> _EXERCISE DESCRIPTION_: When you restate the entries that follow, keep every word exactly and drop the pictures.

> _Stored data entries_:
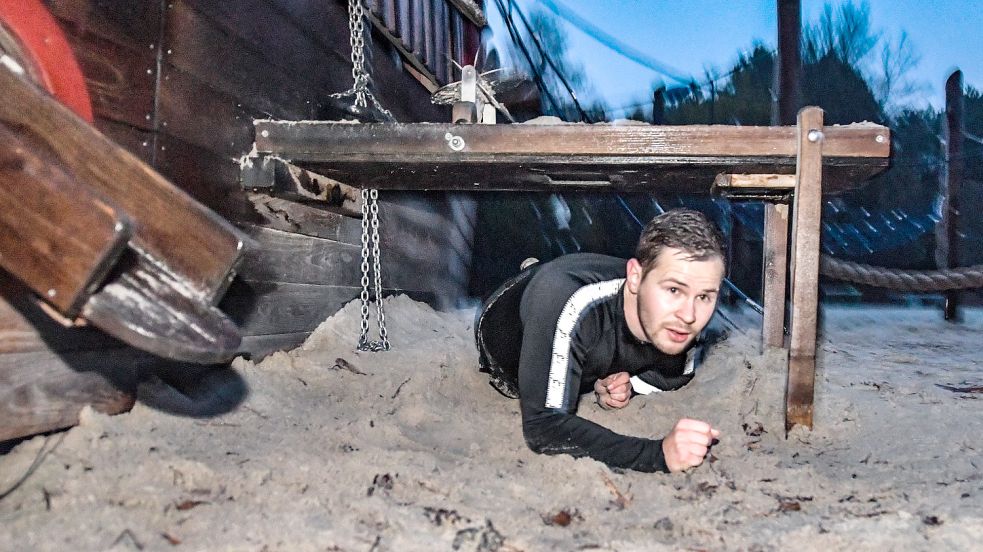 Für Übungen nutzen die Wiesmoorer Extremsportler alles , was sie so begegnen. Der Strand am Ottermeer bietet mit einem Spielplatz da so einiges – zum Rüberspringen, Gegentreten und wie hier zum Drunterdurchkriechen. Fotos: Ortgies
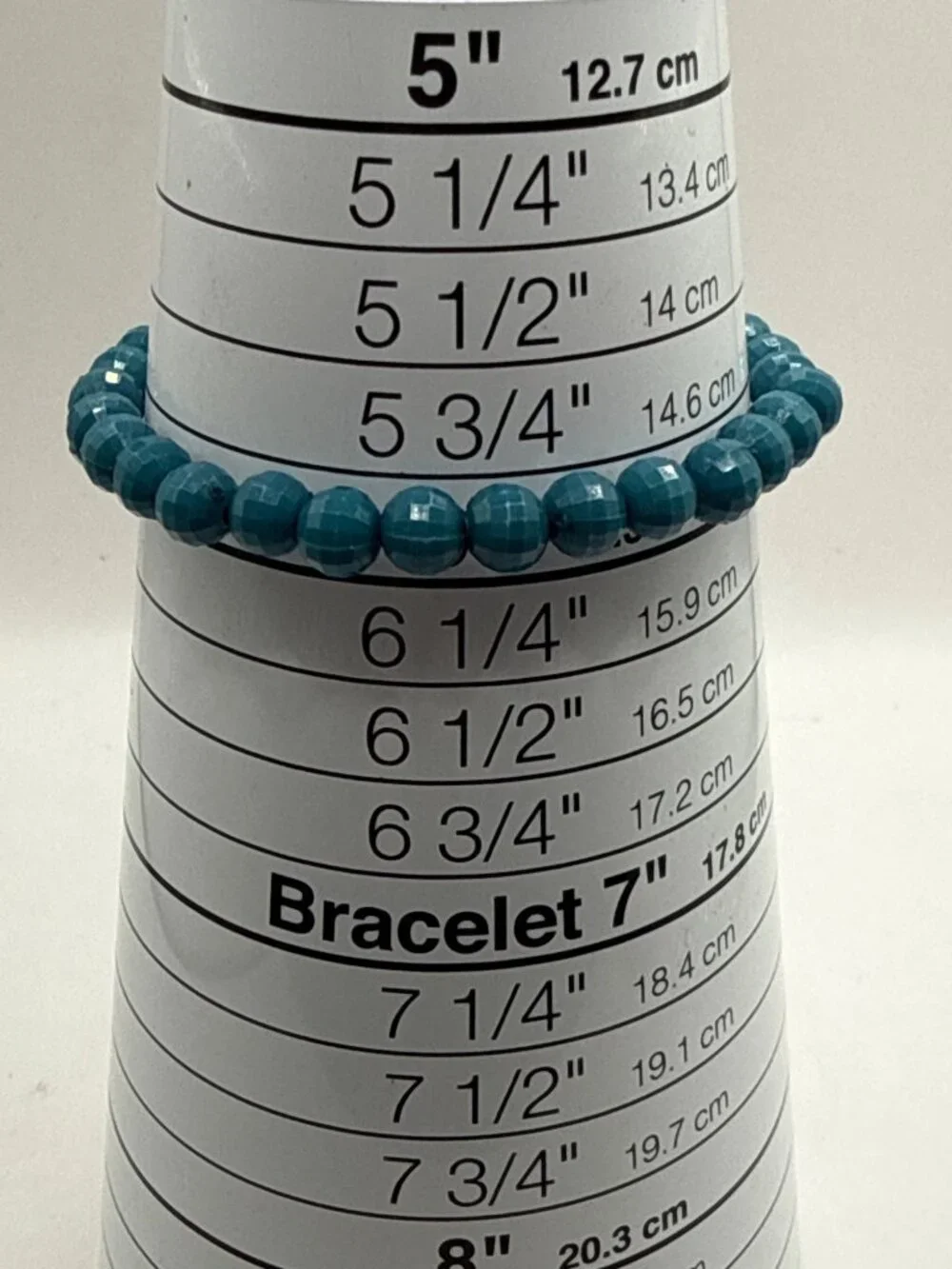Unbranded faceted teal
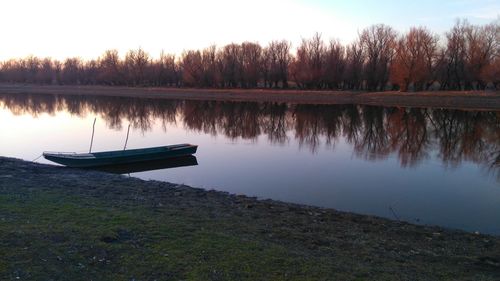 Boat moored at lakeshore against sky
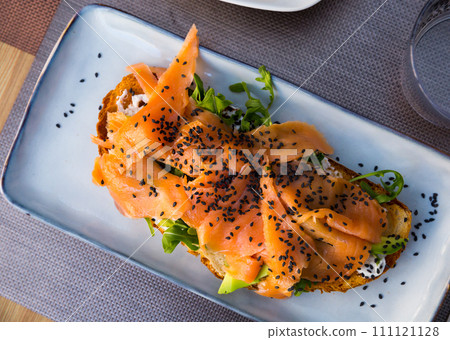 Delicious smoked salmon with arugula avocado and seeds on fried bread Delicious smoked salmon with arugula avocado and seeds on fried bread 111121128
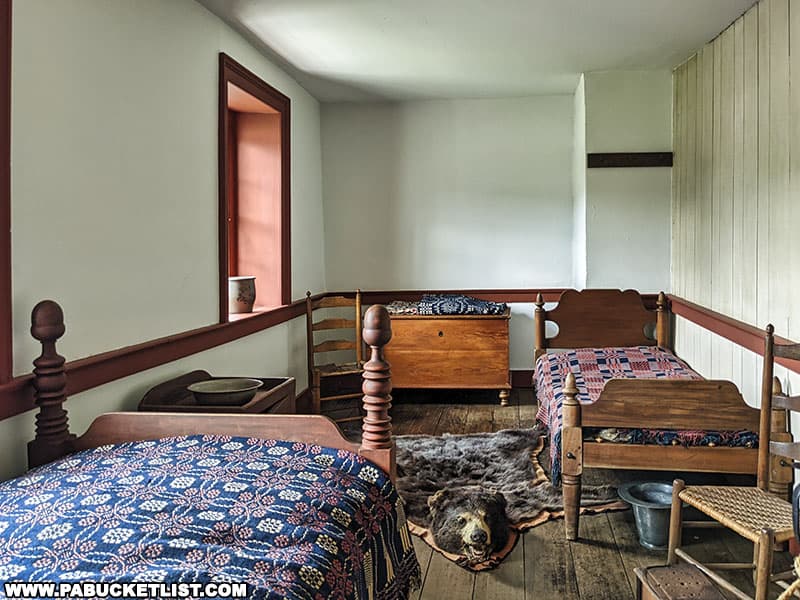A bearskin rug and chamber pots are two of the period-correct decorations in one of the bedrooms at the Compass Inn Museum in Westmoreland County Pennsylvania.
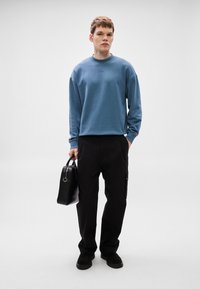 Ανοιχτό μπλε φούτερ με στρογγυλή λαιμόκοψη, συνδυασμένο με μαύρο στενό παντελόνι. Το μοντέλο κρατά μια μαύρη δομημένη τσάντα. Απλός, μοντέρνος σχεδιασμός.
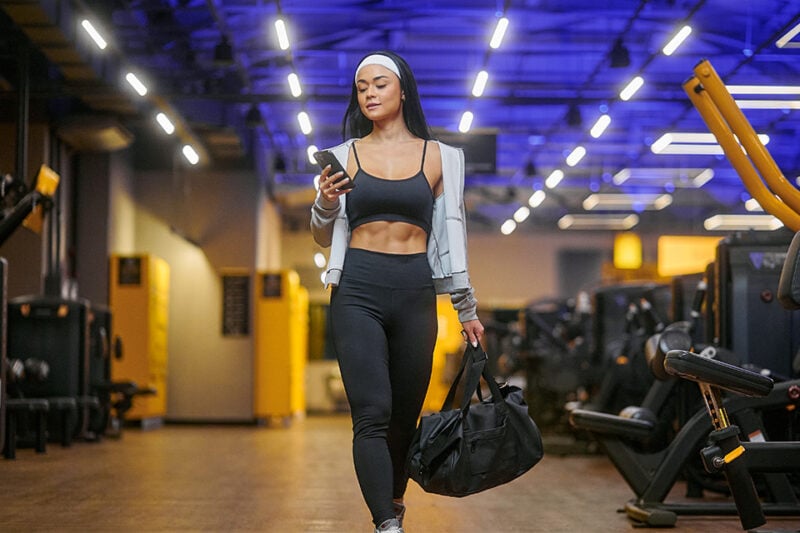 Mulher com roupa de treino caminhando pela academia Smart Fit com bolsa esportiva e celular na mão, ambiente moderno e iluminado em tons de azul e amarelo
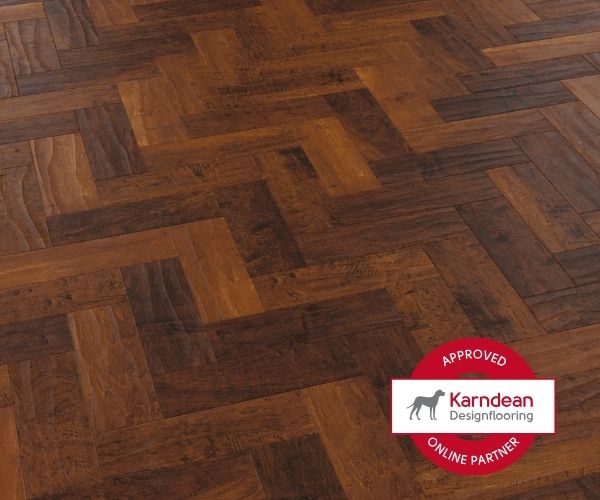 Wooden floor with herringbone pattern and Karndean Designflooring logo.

> _RESPONSE BELOW_:
 Für Übungen nutzen die Wiesmoorer Extremsportler alles , was sie so begegnen. Der Strand am Ottermeer bietet mit einem Spielplatz da so einiges – zum Rüberspringen, Gegentreten und wie hier zum Drunterdurchkriechen. Fotos: Ortgies
Unbranded faceted teal
 Boat moored at lakeshore against sky
 Delicious smoked salmon with arugula avocado and seeds on fried bread Delicious smoked salmon with arugula avocado and seeds on fried bread 111121128
A bearskin rug and chamber pots are two of the period-correct decorations in one of the bedrooms at the Compass Inn Museum in Westmoreland County Pennsylvania.
 Ανοιχτό μπλε φούτερ με στρογγυλή λαιμόκοψη, συνδυασμένο με μαύρο στενό παντελόνι. Το μοντέλο κρατά μια μαύρη δομημένη τσάντα. Απλός, μοντέρνος σχεδιασμός.
 Mulher com roupa de treino caminhando pela academia Smart Fit com bolsa esportiva e celular na mão, ambiente moderno e iluminado em tons de azul e amarelo
 Wooden floor with herringbone pattern and Karndean Designflooring logo.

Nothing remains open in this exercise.